MC: the processing part in step 4

MP: This is sort of what we need, let's take it offline though

RH: If we have the author at the end of the list, we can't step out of the processing

MC clarified how you could do this

<fjh> no

AB: Let's cover issue #81
... OK, schedule firast


MP: We've addressed most of the comments
... I think we're ready once the updates are complete, we're ready to go to the next WD. Next stage would be LCWD
... Fundamentals have not changed and I think we're all agreed on and it would be great to get to last call

FJH: I need to make some changes and include the comments, I'd like to reference the FCWD from XML DigSig this week
... Other than that, then I don't see why not
... Properties stuff would mean doc would need delaying

TLR: We have some different options - perhaps we could put an editors note in the widget signatures document saying what will be included

FJH: This could solve the properties issue

<tlr> it's not pretty, but it's probably easiest

AB: We have agreement on that route
... 4-5 weeks from now we could have a LCWD

TLR: Let's take this offline

<Benoit> I understand 19th march for the last WD --- 16 april for LC --- 14 may RC

<tlr> +1 to taking this offline

<fjh> +1 to taking this offline

AB: Last thing on the list is mandatory algorithms

TLR: Think about EC and DSA
... no consensus in the security group yet

MP: We would prefer the spec to be finished rather than have drawn out discussions
... there are unclear IPR issues around ECDSA
... we haven't been able to check on that
... the reasons for rejecting DSASHA-256 are not very strong from the XML SG

TLR: The FIPS standard is done, it is waiting for the US Secretary of Commerce to sign it... however there is no Secretary of Commerce appointed yet

FJH: Need to know who can live with EC or DSA

DR: Suggest raising as an action
... I can circulate for feedback in OMTP

Arve: There is not much real world use of EC
... I would like to understand if and why it is necessary now and not at some later stage

MC: We want to future proof as much as possible

<ArtB> ACTION: Marcos determine Opera's position on elliptic curve re Widgets DigSig spec [recorded in http://www.w3.org/2009/02/25-wam-minutes.html#action06]

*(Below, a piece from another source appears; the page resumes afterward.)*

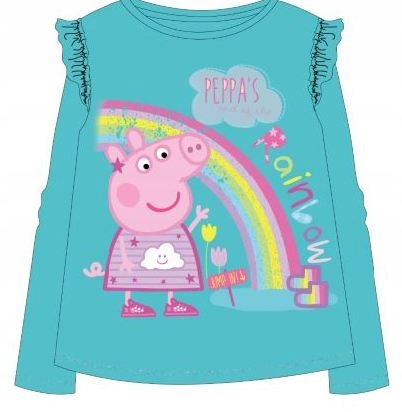 

Nowa Bluzka licencja Świnka Peppa 98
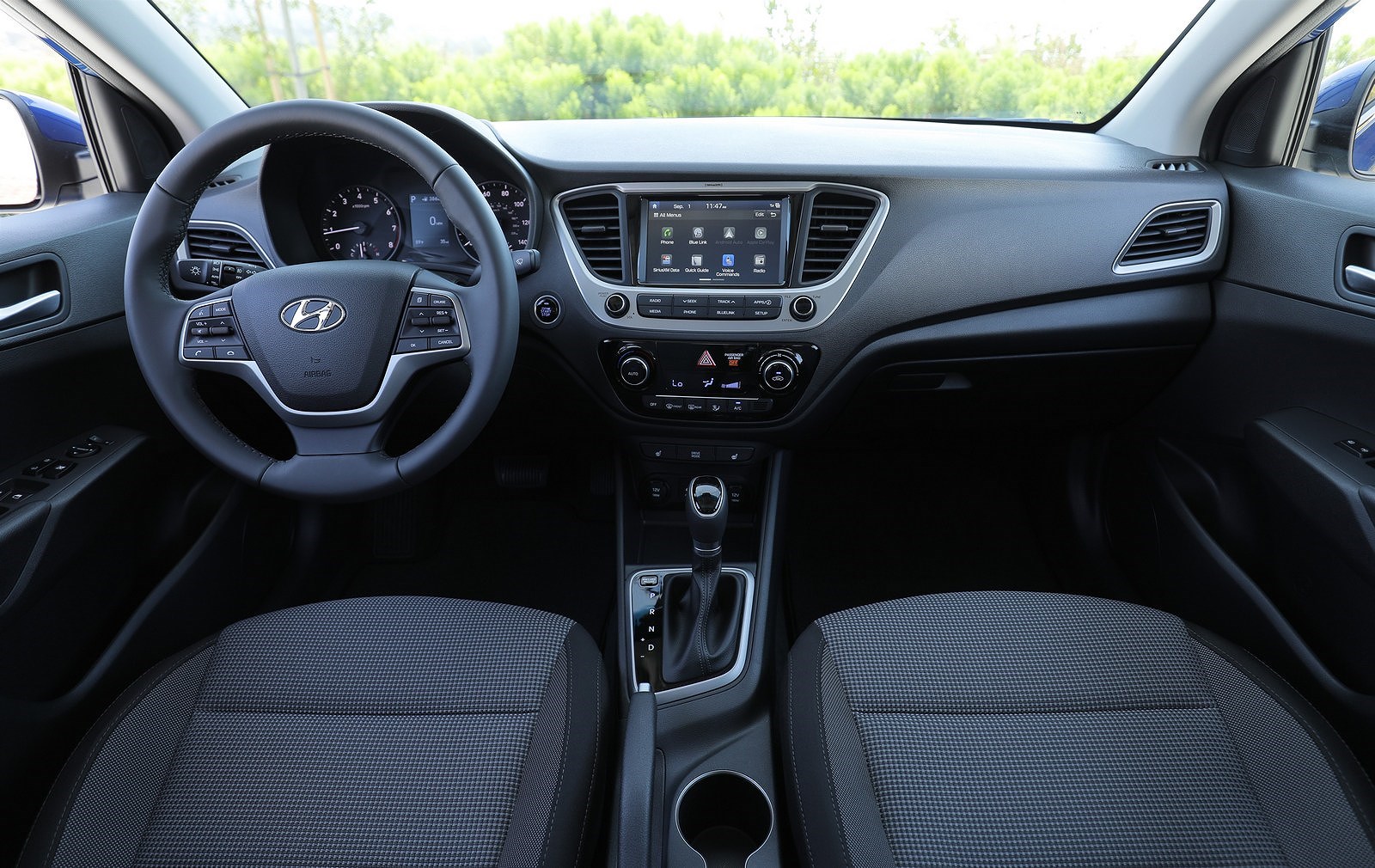 hyundai accent 2018 chốt giá 340 triệu đồng tại mỹ hình 10 hyundai accent 2018 chot gia 340 trieu dong tai my hinh 10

<trackbot> Created ACTION-307 - Determine Opera's position on elliptic curve re Widgets DigSig spec [on Marcos Caceres - due 2009-03-04].

<ArtB> ACTION: David determine Opera's position on elliptic curve re Widgets DigSig spec [recorded in http://www.w3.org/2009/02/25-wam-minutes.html#action07]

<trackbot> Sorry, amibiguous username (more than one match) - David

<trackbot> Try using a different identifier, such as family name or username (eg. dorchard, drogers)

<tlr> ACTION: rogers to determine OMTP's position on EC re Widgets DigSig spec [recorded in http://www.w3.org/2009/02/25-wam-minutes.html#action08]

<trackbot> Created ACTION-308 - Determine OMTP's position on EC re Widgets DigSig spec [on David Rogers - due 2009-03-04].

<ArtB> ACTION: Rogers determine OMTP's position on elliptic curve re Widgets DigSig spec [recorded in http://www.w3.org/2009/02/25-wam-minutes.html#action09]

<trackbot> Created ACTION-309 - Determine OMTP's position on elliptic curve re Widgets DigSig spec [on David Rogers - due 2009-03-04].

<tlr> ACTION-308: duplicate of ACTION-309

<trackbot> ACTION-308 Determine OMTP's position on EC re Widgets DigSig spec notes added

<tlr> ACTION-308 closed

<trackbot> ACTION-308 Determine OMTP's position on EC re Widgets DigSig spec closed

FJH: I'd like to understand where we are with this

TLR: We need the feedback on the document that is being published tomorrow

<fjh> Please review XML Siganature 1.1 working draft, algorithms and give feedback!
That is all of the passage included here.